Europe stands at a crossroads between ambition and action. The urgency of cutting emissions is clear, but ambition alone will not get us there. Without careful planning, today’s targets risk becoming tomorrow’s bottlenecks.
A robust low-emission mobility strategy must be diverse. No sensible investor would put all their savings into a single stock, and the same logic applies to transport.
Batteries are essential, but hydrogen must also play its part. A balanced approach will make Europe more resilient, avoiding overdependence on any one resource, from fossil fuels to the critical minerals that power batteries.
Combining hydrogen and battery vehicles could save the European Union between €300 and €500 billion in infrastructure costs by 2050, largely by avoiding costly grid upgrades.
These technologies complement each other, particularly in heavy transport such as trucks, ships, and planes, where hydrogen offers efficiencies that electrification alone cannot. Countries such as South Korea and China have shown that well-designed ecosystems can drive the rollout of tens of thousands of hydrogen vehicles.
Europe has the same potential, with technology already in place across the entire chain from production and refuelling to vehicles. What we need now is a clear plan and the right conditions to make this shift happen.
How Europe can turn hydrogen ambition into action
First, Europe’s energy transition will be faster and cheaper if we treat battery and hydrogen solutions as complementary, rather than competitors. Both need supportive conditions to succeed, and both serve our communities.
A balanced approach would apply the same standards to both, ensuring European initiatives such as clean transport corridors and the decarbonisation of corporate fleets systematically support both hydrogen and electric charging infrastructure from day one.

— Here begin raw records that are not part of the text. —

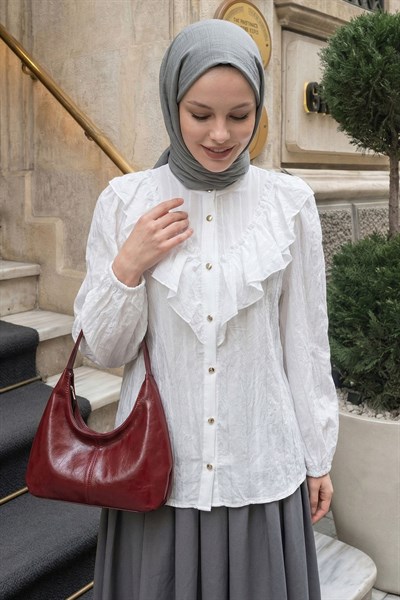 Fırfır Yaka Beyaz Gömlek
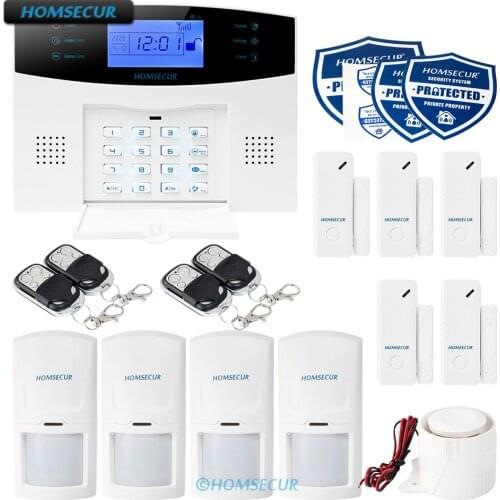 HOMSECUR Wireless 2G SMS Autodial Home Security Alarm System+4*PIR+Door Sensor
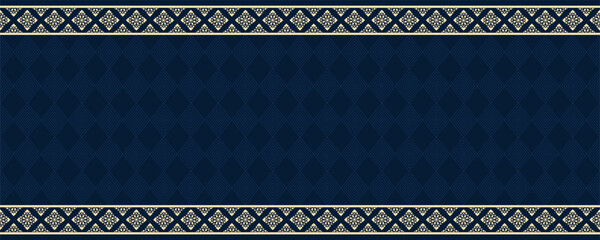 Elegant navy and gold pattern background. Thai-inspired. Luxury geometric texture perfect for upscale branding, wedding stationery or premium product packaging. Elegant blue and gold decorative style.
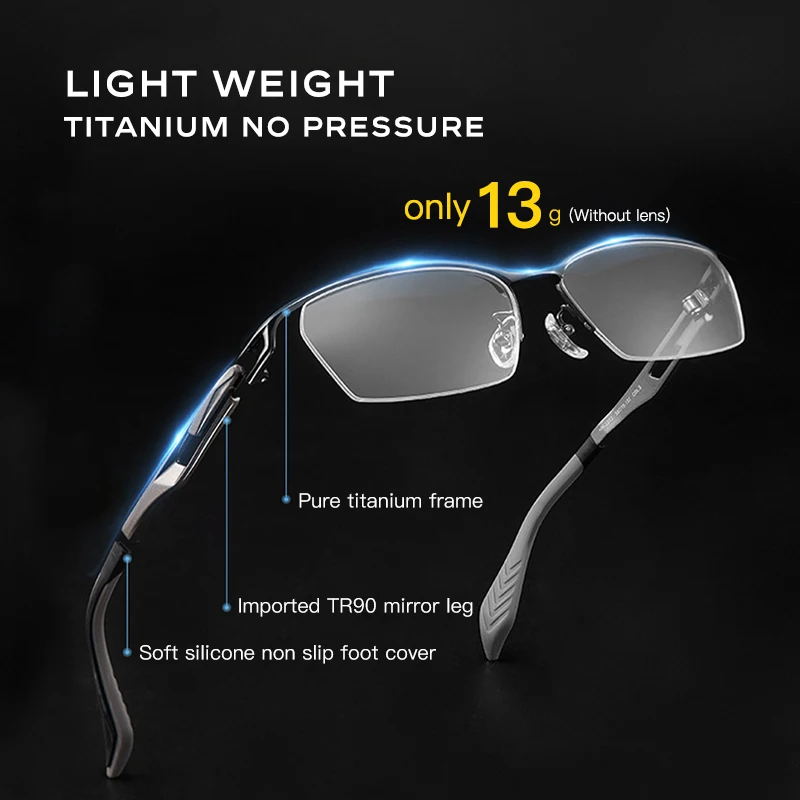 CAPONI Óculos Caponi Semi-Rimless dos homens Quadro Pure Titanium TR-90 Negócios Luz Azul Bloqueio Óculos Novos Óculos de Olho JFA16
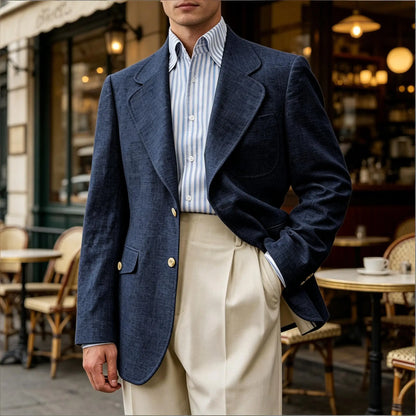 Men Natural Linen Blazer Suit Jacket Breathable Slim Fit Single Breasted Business Office Wedding Party Smart Casual Outerwear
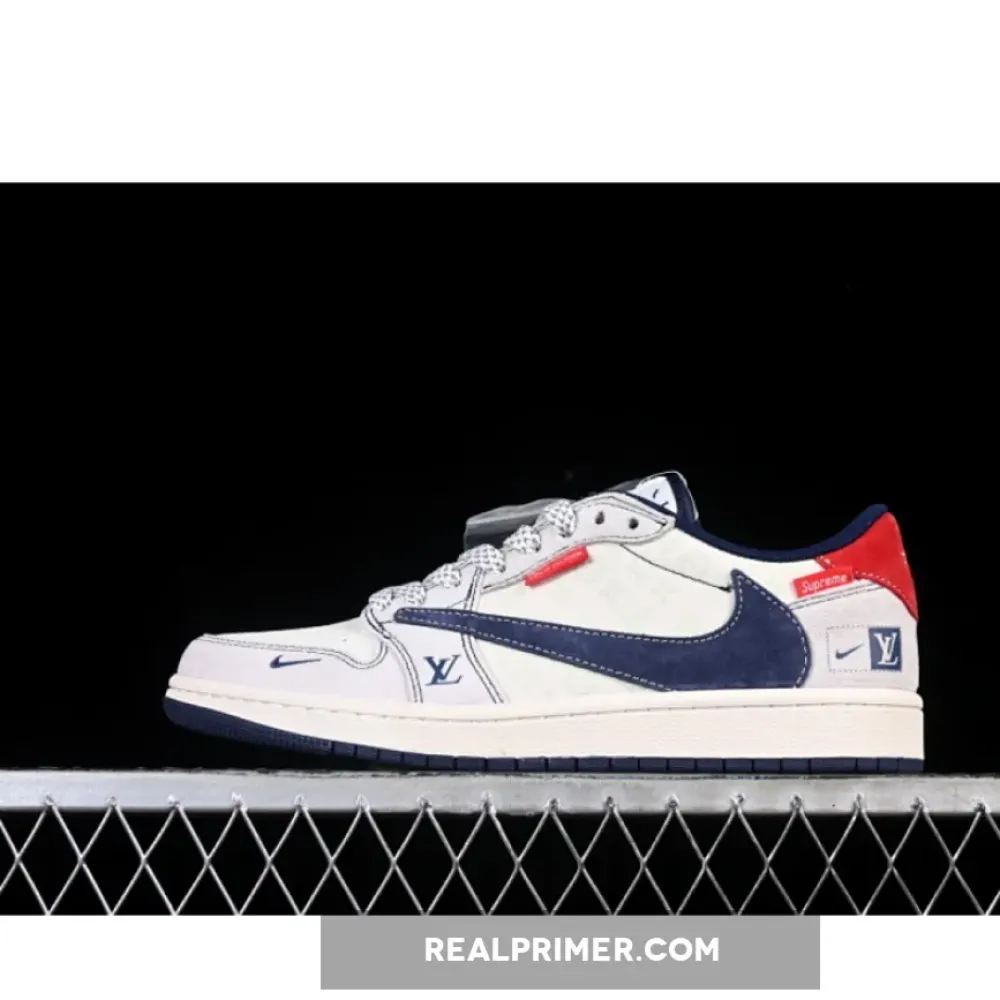 TRAVIS SCOTT X FRAGMENT DESIGN X AIR JORDAN 1 LOW OG SP WHITE/GREY/BLUE/RED CX5050-Y15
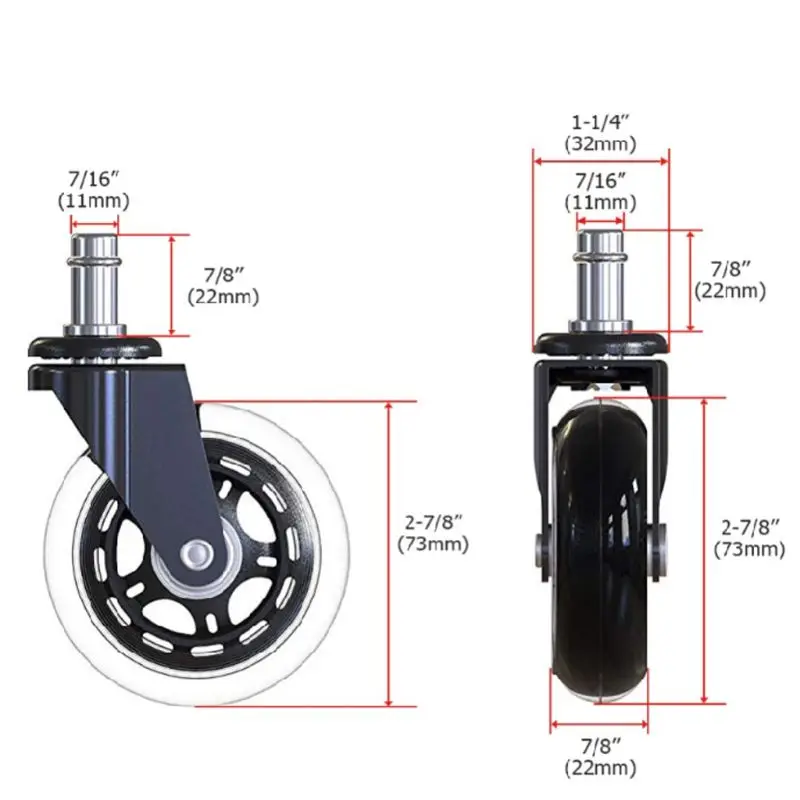 5Pcs 11x22 мм колесики для офисного кресла Wivel Резиновое Колесико безопасный колесики-ролики замены для домашней мебели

Second, we must holistically build ecosystems, not just scattered stations. Scale and efficient loading are what truly bring costs down.
Funding schemes like the Netherlands’ SWiM (Subsidy Scheme for Zero-Emission Mobility), linking subsidies for both fleets and stations, demonstrate how this can be done efficiently.

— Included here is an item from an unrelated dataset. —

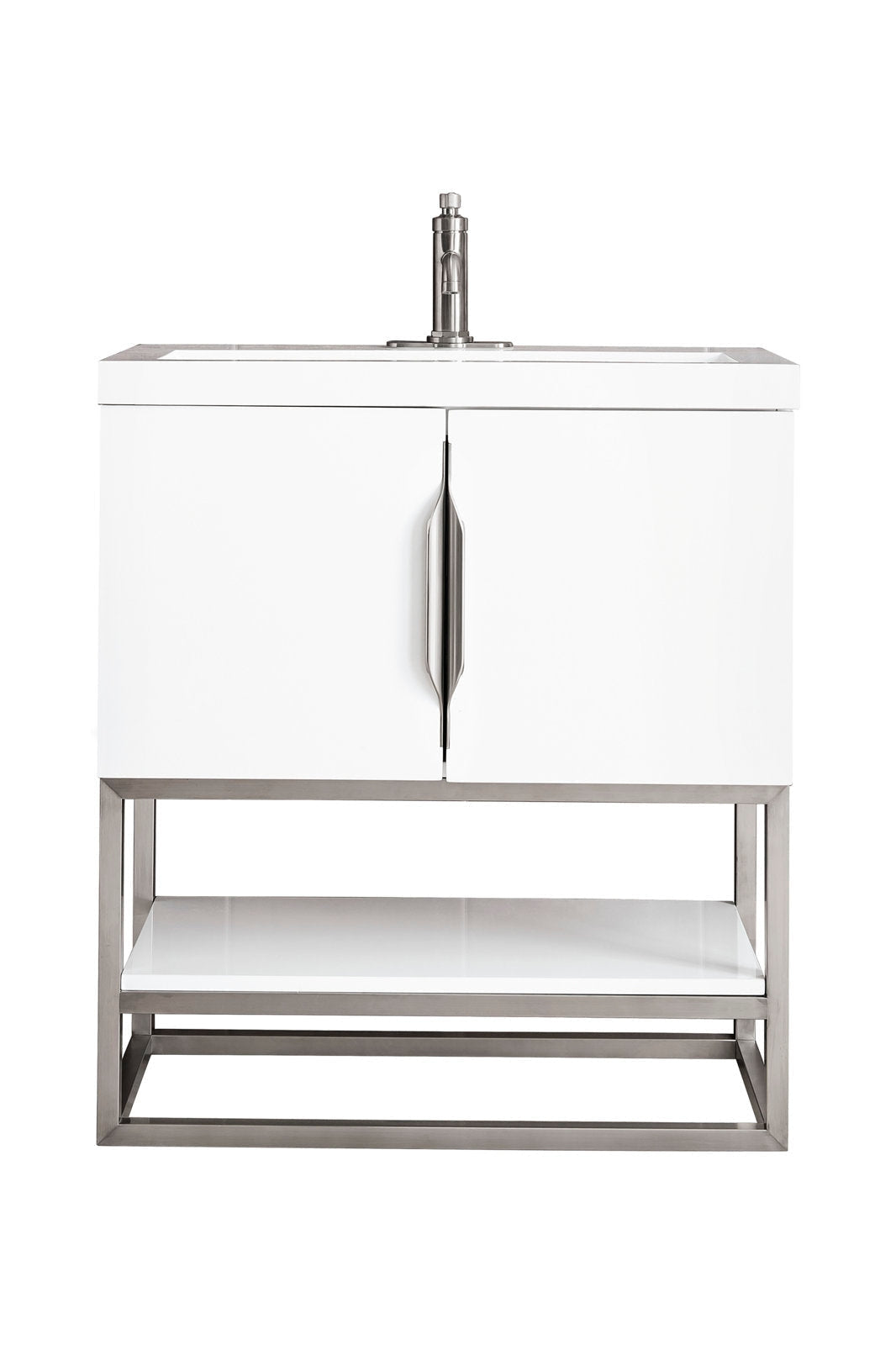 Contemporary white single-sink bathroom vanity with stone top and solid wood cabinet, central stainless pull handle, raised metal frame and open lower shelf for storage.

This integrated model provides investors and manufacturers with the certainty they need to expand quickly, making infrastructure viable and vehicles more affordable.
Third, we must make hydrogen affordable for fleet operators from the very beginning. This means leveraging the most affordable and available hydrogen sources that already exist today, while simultaneously establishing a clear and binding timeline to decarbonise this hydrogen over time.

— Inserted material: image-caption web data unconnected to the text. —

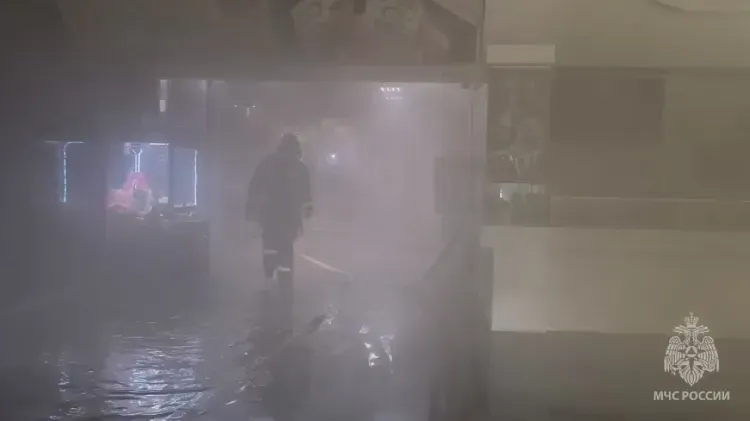 В Благовещенске на пожар в "Амурской ярмарке" выехали более 30 огнеборцев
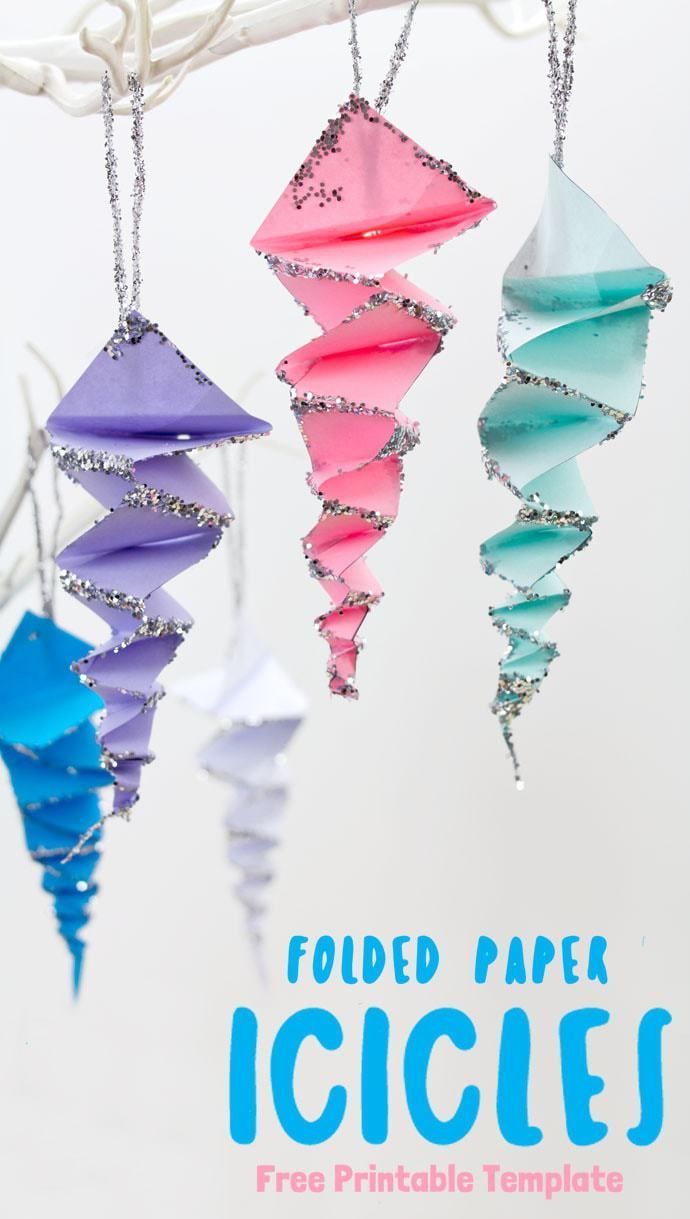 Folded Paper Icicles -   23 winter crafts for kids to make
 ideas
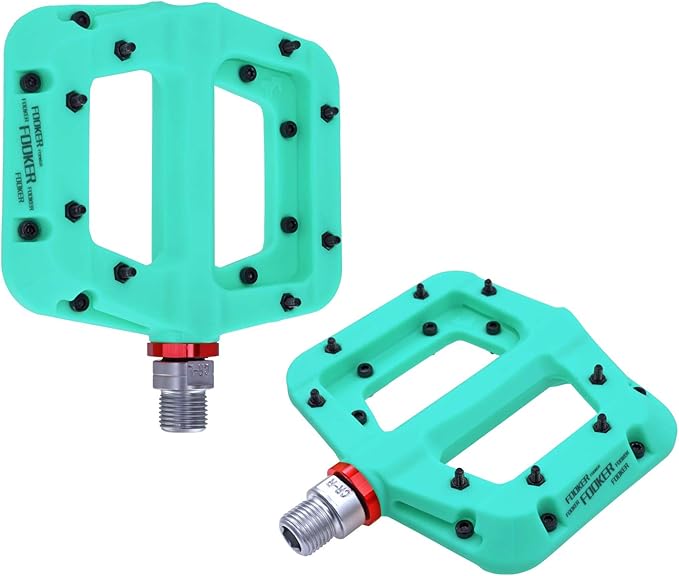 FOOKER MTB Pedals Mountain Bike Pedals 3 Bearing Non-Slip Lightweight Nylon Fiber Bicycle Platform Pedals for BMX MTB 9/16"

This pragmatic approach is already in place and proving successful in nations like China and South Korea.
A hydrogen future is Europe’s to win
By 2030, we need to see thousands of hydrogen trucks on European roads, enough to tip the balance on both fuel supply and production costs.
This rollout will not only pave the way for wider adoption across heavy-duty and other vehicles in the following decade, cutting CO₂ emissions, but it will also bolster Europe’s automotive resilience and industrial leadership.
The opportunity for society at large is significant, and the time for decisive action is now.